Pp. 265 , Oxford, Bern , Peter Lang , 2008 , $62.00 .

Simplicity safeguards and negatively constitutes the extreme transcendence of the monotheistic deity of the Abrahamic religions. Distinctive in elevating their God up and out of the world, of which he is no part but creates by a free act of the will, this doctrine draws further cultural support from Greek philosophy where Plato described his ‘Form of the Good’ as ‘beyond Being’ (where ‘Being’ indicates the immutable, static existence of the Forms) and Aristotle described his Unmoved Mover, who draws all things by attraction, himself unmoved, as ‘Pure Act’. Aquinas seems to have grown in his appreciation of how unique and central this property is. In his early Summa contra Gentiles and Compendium theologiae the prominence of simplicity is less marked; Thomas felt the need to do systematic theology all over again, however, and in his magisterial Summa theologiae simplicity moves to become the foundational predicate of the divine nature, from which the other predicates variously derive. This follows an historical pattern; neither Plato nor Aristotle ever called their highest principle ‘infinite’; this was left to Plotinus, who wanted to lift his ‘One’ into a further transcendence and who made simplicity into not only the first divine predicate, but also the most appropriate name for God – above ‘Form’ for Plato and ‘Substance’ or ‘Being’ for Aristotle. This was done to highlight the chief element in God's transcendence – his lack of composition, which entails his lack of motion or capacity for further perfection.
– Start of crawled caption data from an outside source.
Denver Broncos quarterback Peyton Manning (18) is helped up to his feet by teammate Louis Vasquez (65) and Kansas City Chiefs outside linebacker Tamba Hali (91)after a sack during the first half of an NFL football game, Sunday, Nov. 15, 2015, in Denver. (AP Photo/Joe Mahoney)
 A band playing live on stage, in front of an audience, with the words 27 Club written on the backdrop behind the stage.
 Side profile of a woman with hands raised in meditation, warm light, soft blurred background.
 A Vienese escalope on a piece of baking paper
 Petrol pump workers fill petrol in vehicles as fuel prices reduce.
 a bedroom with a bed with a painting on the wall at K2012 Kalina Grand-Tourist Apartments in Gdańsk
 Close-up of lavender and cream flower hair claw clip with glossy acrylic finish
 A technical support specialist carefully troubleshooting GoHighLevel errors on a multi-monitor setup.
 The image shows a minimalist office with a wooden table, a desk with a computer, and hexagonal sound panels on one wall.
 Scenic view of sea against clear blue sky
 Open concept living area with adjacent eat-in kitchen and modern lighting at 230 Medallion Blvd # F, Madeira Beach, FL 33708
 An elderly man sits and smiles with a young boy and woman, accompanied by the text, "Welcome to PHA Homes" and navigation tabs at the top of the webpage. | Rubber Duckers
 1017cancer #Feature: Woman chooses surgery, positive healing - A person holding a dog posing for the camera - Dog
Henceforth theological speculation would walk a knife edge of trying to avoid a purely apophatic or negative theology on the one hand (which Maimonides fell into) or a pluralism in the divine attributes irreconcilable with the postulated divine simplicity (as with David Hume and his modern followers who refuse to recognize the super-eminent status which extreme transcendence grants such a being.)

Two doctrines allow Aquinas to walk this knife edge. First, the identification of existence and essence in God means that his essence, although unitary, remains sufficiently opaque or mysterious to us to provide a prophylactic against a premature dismissal of how plural but distinct perfections can be united in the divine essence, re-enforced by the doctrine that the ‘pure act’ of esse contains all perfections in super-eminent fashion. Secondly, the principle that there is a trace of the first cause in each of its effects provides a toe-hold for positive analogical predication about God, freed from the limiting circumstances in which such perfections appear among creatures.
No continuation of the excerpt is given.